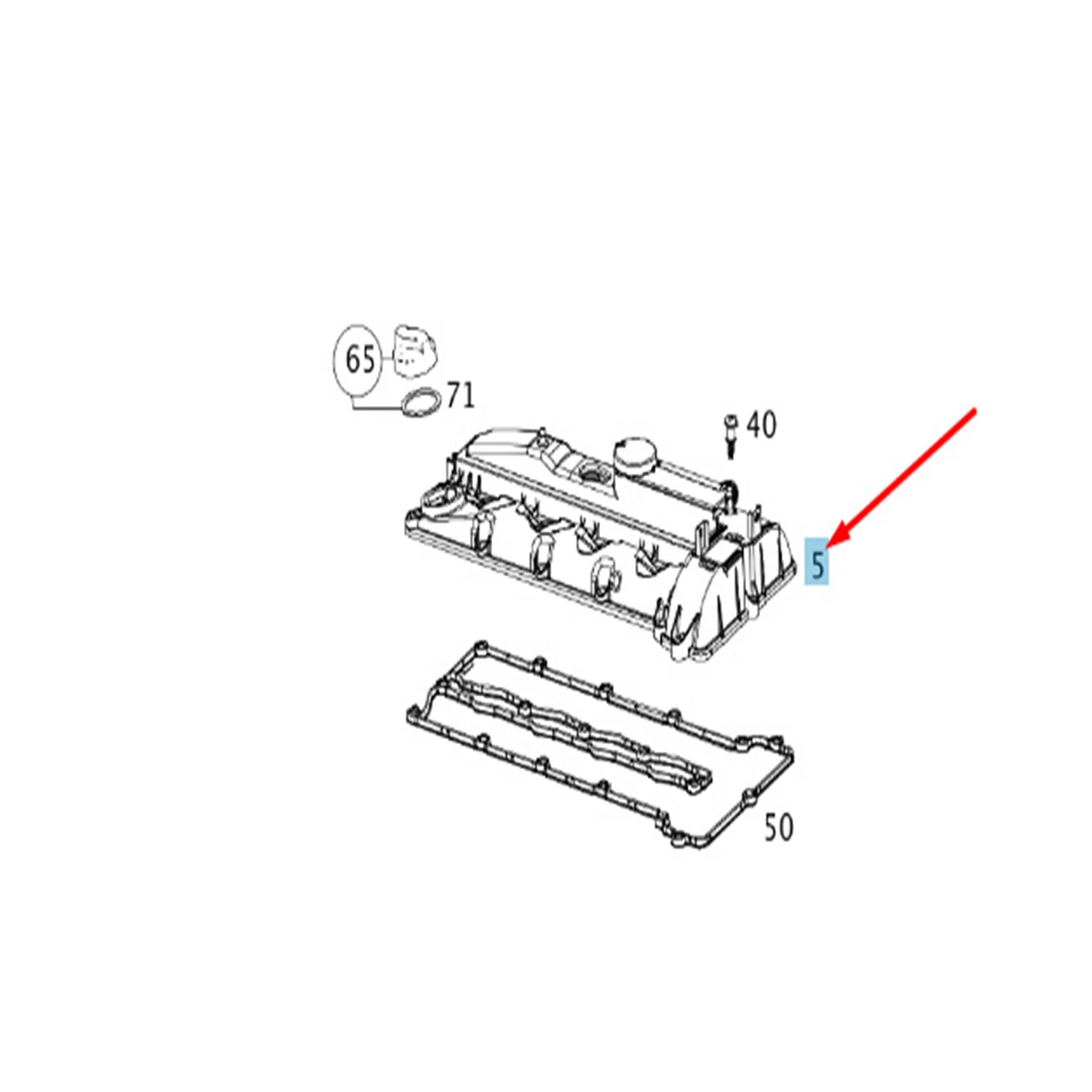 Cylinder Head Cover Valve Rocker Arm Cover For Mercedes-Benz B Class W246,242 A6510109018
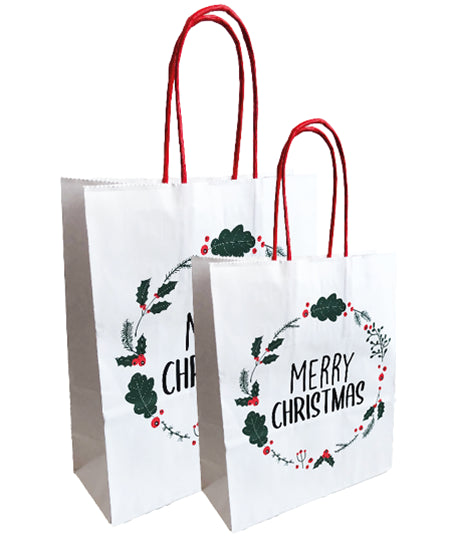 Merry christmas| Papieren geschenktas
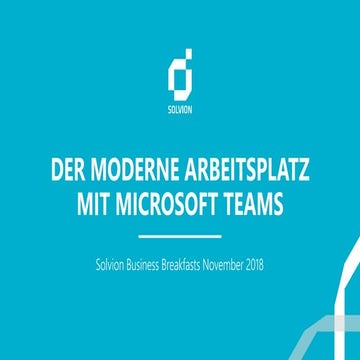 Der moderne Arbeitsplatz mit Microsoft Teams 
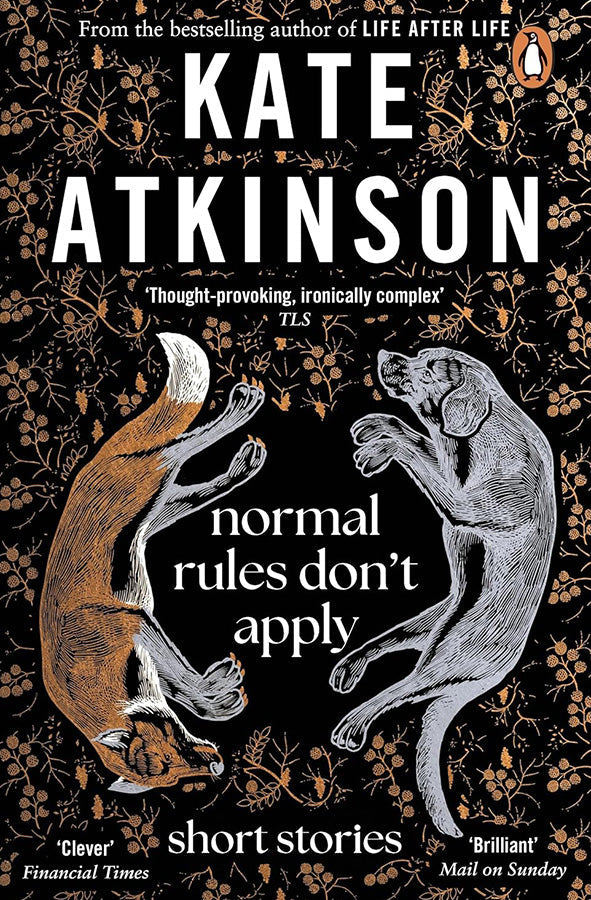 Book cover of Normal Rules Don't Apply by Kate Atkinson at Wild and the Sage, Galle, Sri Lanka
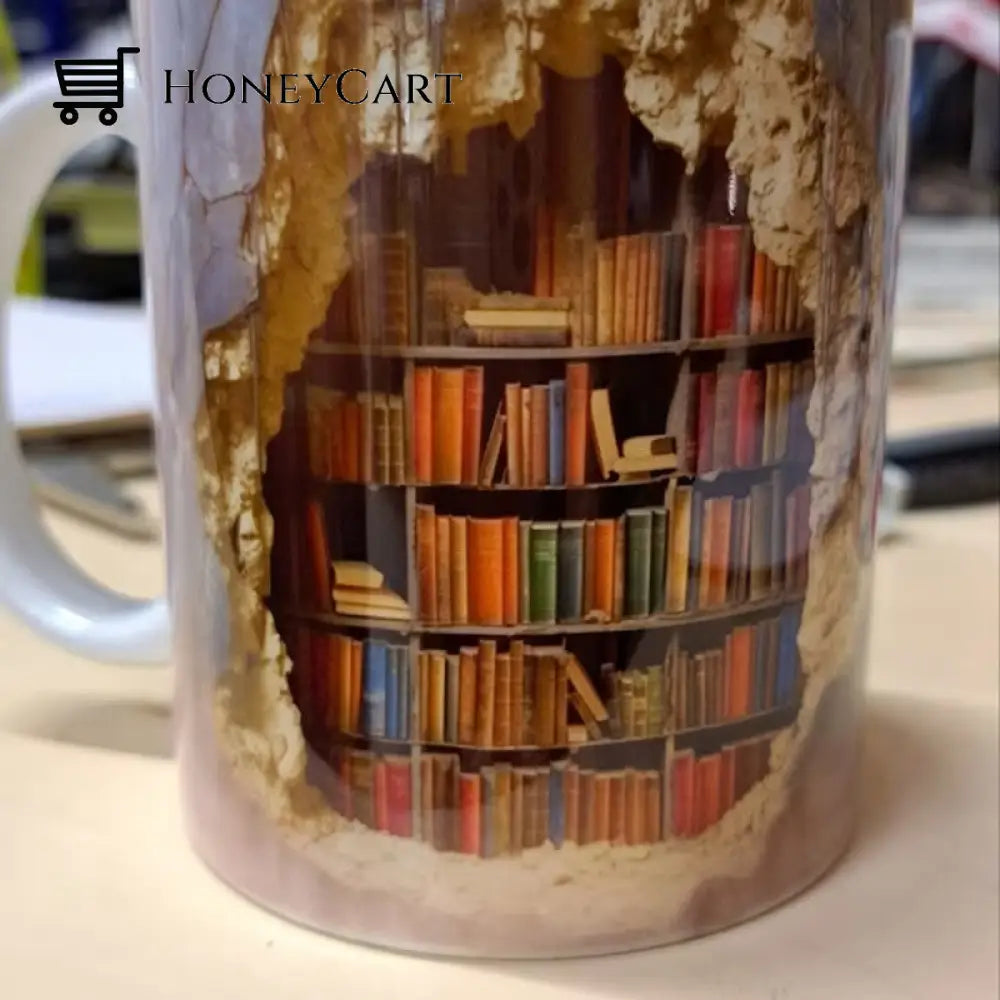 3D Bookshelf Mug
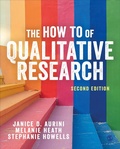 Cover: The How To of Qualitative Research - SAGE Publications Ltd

----

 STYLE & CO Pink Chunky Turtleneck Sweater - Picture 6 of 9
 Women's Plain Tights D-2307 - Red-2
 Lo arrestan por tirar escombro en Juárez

----

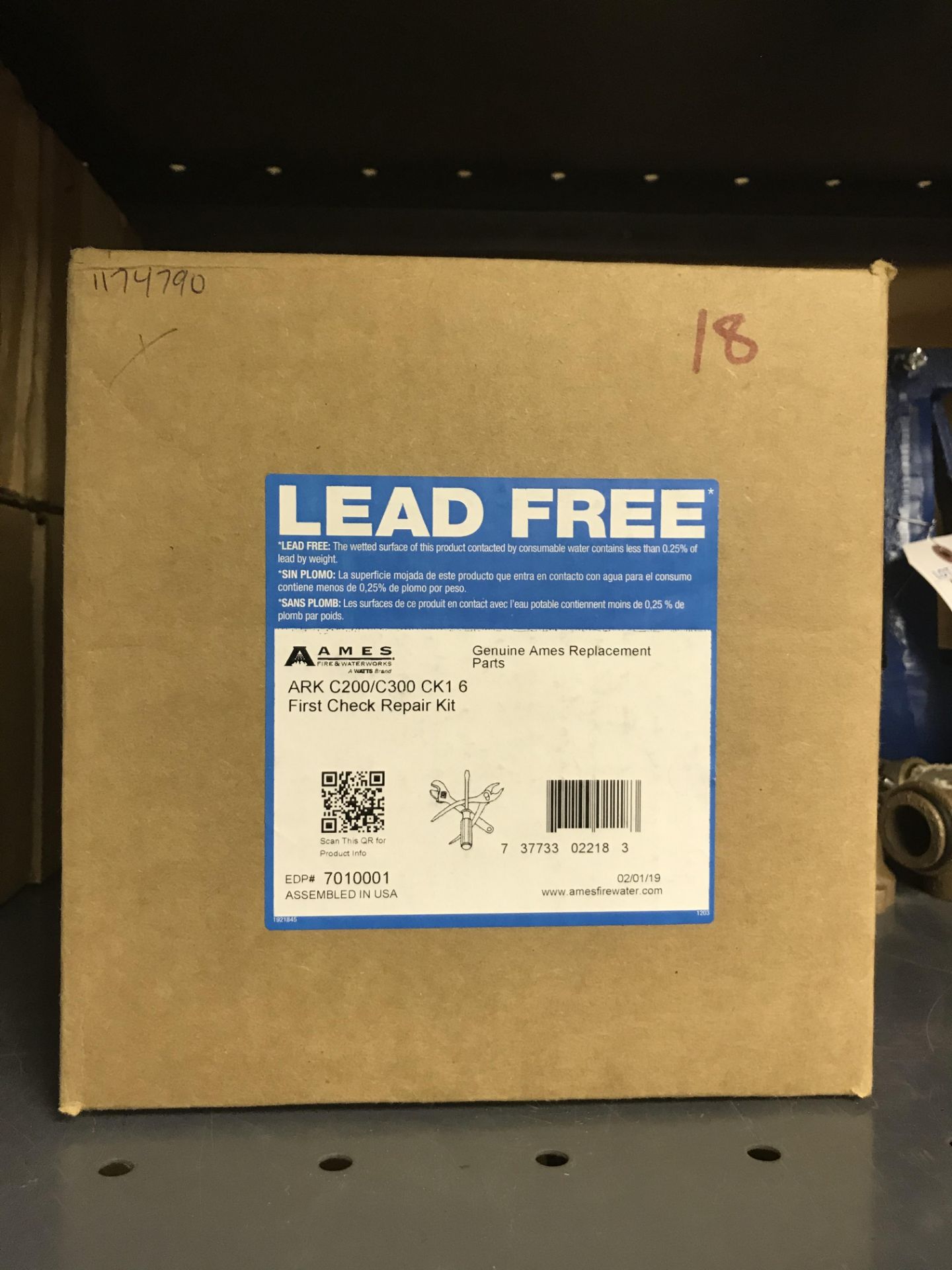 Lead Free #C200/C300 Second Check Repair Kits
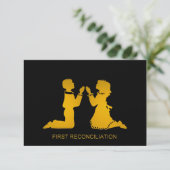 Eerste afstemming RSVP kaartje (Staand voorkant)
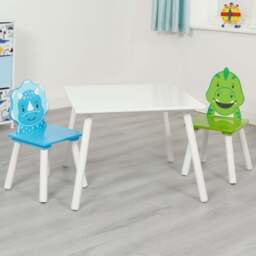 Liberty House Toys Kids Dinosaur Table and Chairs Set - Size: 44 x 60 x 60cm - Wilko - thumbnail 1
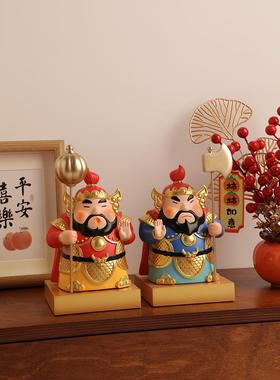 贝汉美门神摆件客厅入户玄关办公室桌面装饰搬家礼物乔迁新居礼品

----

# What to do:
Would you print exactly the lines in the listing above, from the line bearing "3D Bookshelf Mug" through the line bearing "Cover: The How", leaving out all pictures?

# Task output:
 3D Bookshelf Mug
 Cover: The How To of Qualitative Research - SAGE Publications Ltd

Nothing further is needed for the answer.